(Information supplied begins)

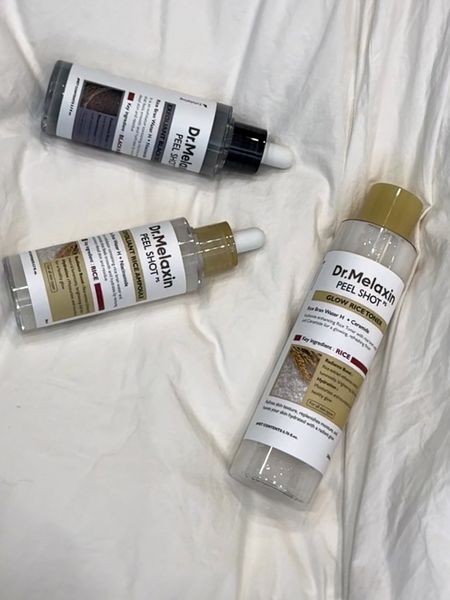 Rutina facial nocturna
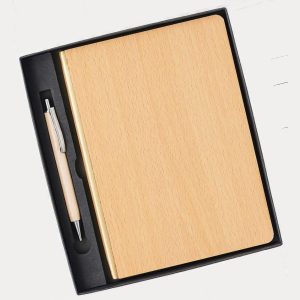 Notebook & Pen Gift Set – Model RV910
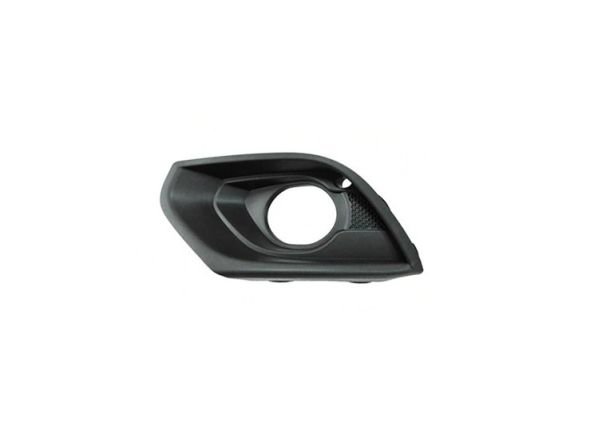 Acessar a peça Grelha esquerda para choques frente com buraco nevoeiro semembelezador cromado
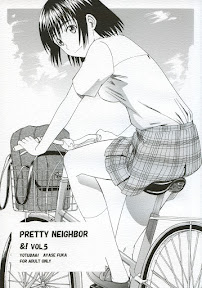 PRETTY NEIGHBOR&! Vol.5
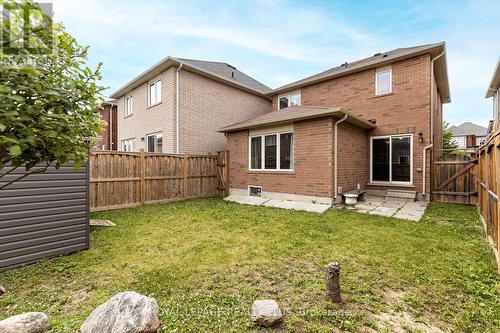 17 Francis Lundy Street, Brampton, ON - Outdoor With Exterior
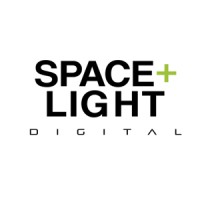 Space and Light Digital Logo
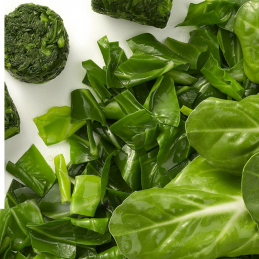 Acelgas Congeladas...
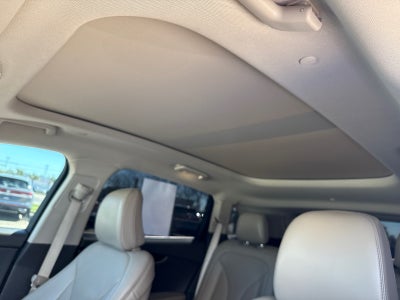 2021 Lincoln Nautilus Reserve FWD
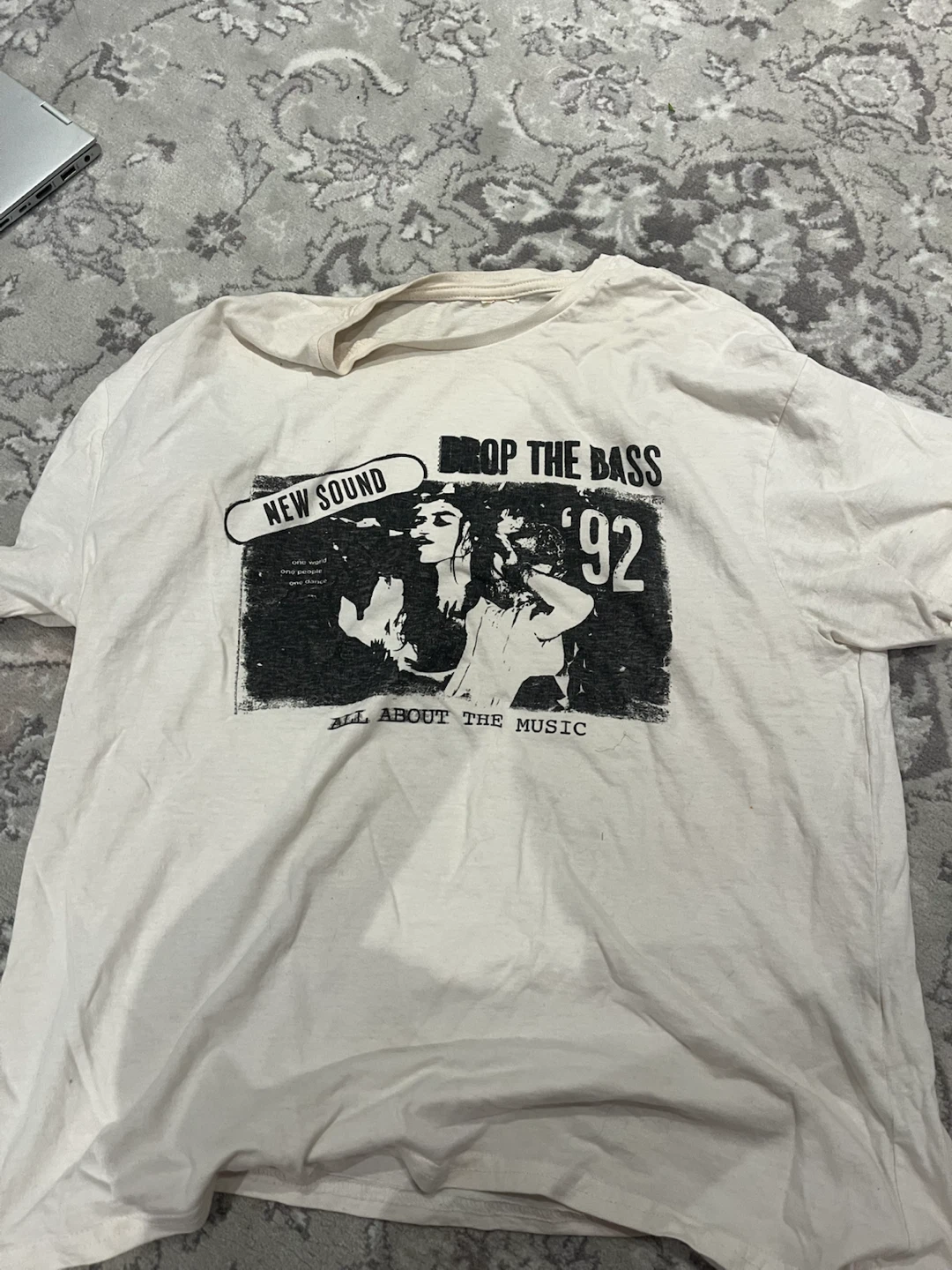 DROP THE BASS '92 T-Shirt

(Information supplied ends)

**Task item:** Every line above should be returned word for word, with the pictures left behind.

**Finished task:**
 Rutina facial nocturna
 Notebook & Pen Gift Set – Model RV910
 Acessar a peça Grelha esquerda para choques frente com buraco nevoeiro semembelezador cromado
 PRETTY NEIGHBOR&! Vol.5
 17 Francis Lundy Street, Brampton, ON - Outdoor With Exterior
 Space and Light Digital Logo
 Acelgas Congeladas...
 2021 Lincoln Nautilus Reserve FWD
 DROP THE BASS '92 T-Shirt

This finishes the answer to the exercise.